I'll be with the popcorn somewhere in Japan, BC, or perhaps China, if I can get back into the Mandarin.

53   ZippyDDoodah   2010 May 18, 1:52pm  

lori.mitsuka says

You can continue to be what you really are - a racial bigot. But stop pretending you know anything about the current status of the financial markets - in your home town or the world at large. The breakdown of regulation is to blame, period for the inflated markets worldwide. Just like the breakdown of regulation is to blame period for the spill in the gulf. Or is that the fault of enviro’s? Those silly tree hugging hippies!

I think this is a remarkably insightful view into the leftist mind. Do tell Lori what I wrote which might conceivably qualify me as a "racial bigot"? This is the way the left argues. Ignore facts, hurl unsubtantiated smears. It's despicable as hell, but typical of how liberal Democrats operate

54   ZippyDDoodah   2010 May 18, 2:03pm  

It’s kind of a narrow paper though. Didn’t even mention rampant fraud or things close to it, CRE,

What is "CRE"? If you meant CRA, it was definitely covered in the paper. Please clarify. The following:

I find the GSEs to have been a significant factor in expanding the mortgage crisis as a result of their high volume of high-risk mortgage purchases and guarantees.
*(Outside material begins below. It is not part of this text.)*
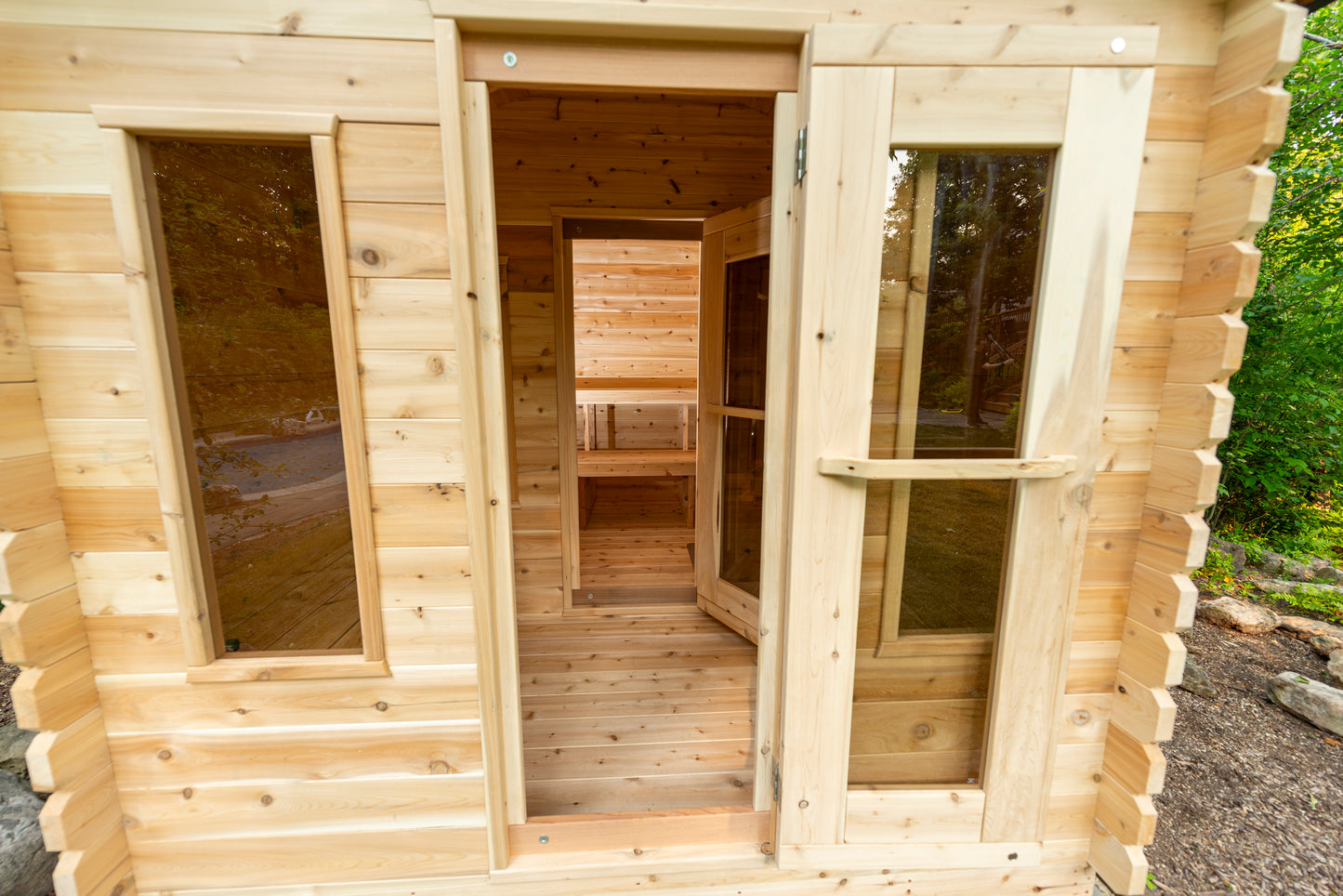 Dundalk Leisurecraft Canadian Timber Georgian Cabin Electric Sauna with Changeroom | 4 Persons CTC88CE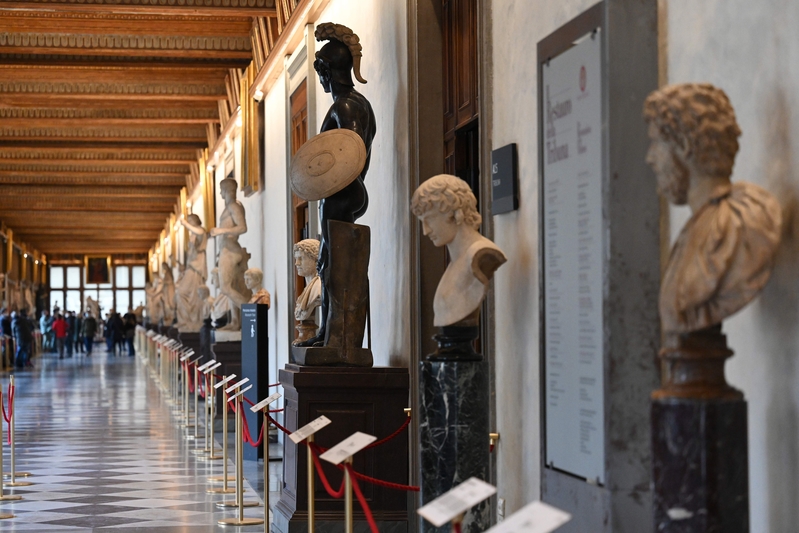 2021年1月21日是烏菲齊美術館重新開放的第一天。圖為：烏菲齊美術館的雕塑作品大廳。（VINCENZO PINTO/AFP via Getty Images）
is the money quote that sums up the conclusions of the paper pretty well.

Hmmm… looks a lot like a strawman to me. I just pointed out that housing bubbles occurred in several countries at the same time, and many of the same factors were present there

And I just pointed out that many other major economies in the world (China, Brazil, Japan, India etc.) had no such housing crisis during this time period. How is pointing out these obvious facts a "strawman" argument on my part? You don't seem to be arguing in good faith. Yes, most 'western' economies with similar economic policies experiencenced a housing bubble although some western economies like Germany didn't. No strawman, just pointing out the fallacy in the argument that "the whole world" or most all countries had the same problem. It's a lie..

And I also pointed out that their was a commercial real estate bubble in the US, with values going up by about the same percentage amount, again at the same time

I believe that commercial RE values went up at this same time, but I question that they went up by the "same percentage amount" as residential RE as you claim. Can you cite? because you've offered no evidence to support that assertion so far.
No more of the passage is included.